» **Data for processing**

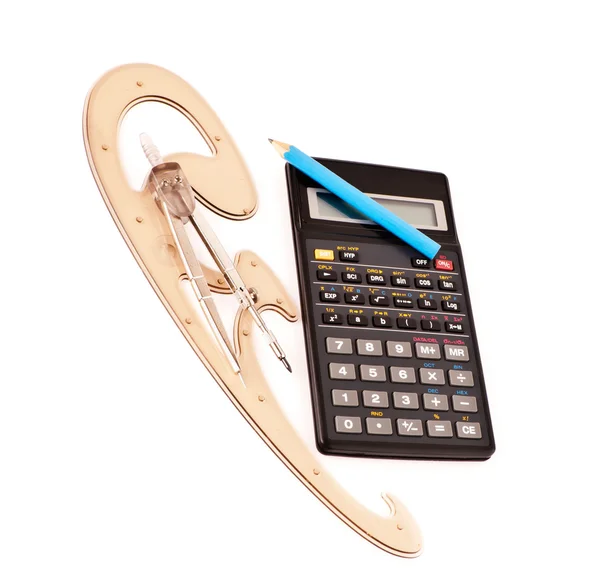 Pencil on a calculator, compasses and French curve on white — Stock Photo, Image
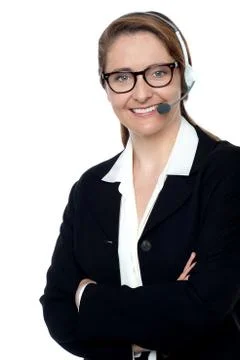 Customer support executive posing confidently Stock Photos
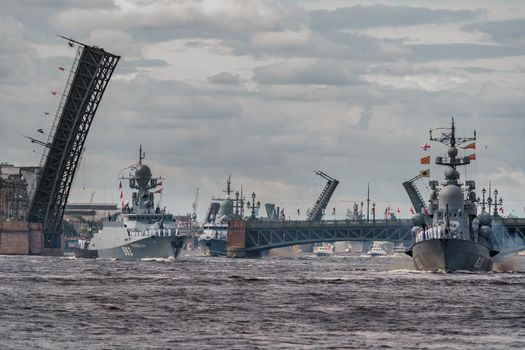 Russia, St. Petersburg, 28 July 2022: A lot of warships goes along the Neva River under open bridges at the time of the rehearsal of the celebration of the day of the Navy in sunny weather. High quality photo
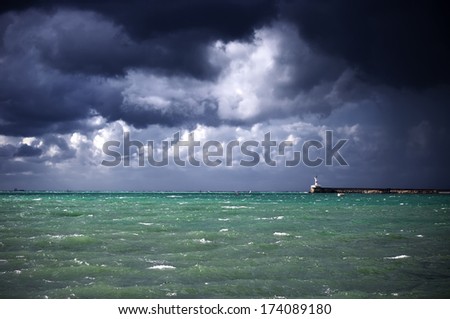 Dark stormy clouds and lighted sea.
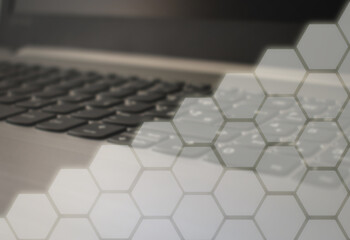 White glowing octagons with keyboard in background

» **Your objective**
Take the listing and print it again exactly, but without any pictures.

» **Exercise solution**
 Pencil on a calculator, compasses and French curve on white — Stock Photo, Image
 Customer support executive posing confidently Stock Photos
 Russia, St. Petersburg, 28 July 2022: A lot of warships goes along the Neva River under open bridges at the time of the rehearsal of the celebration of the day of the Navy in sunny weather. High quality photo
 Dark stormy clouds and lighted sea.
 White glowing octagons with keyboard in background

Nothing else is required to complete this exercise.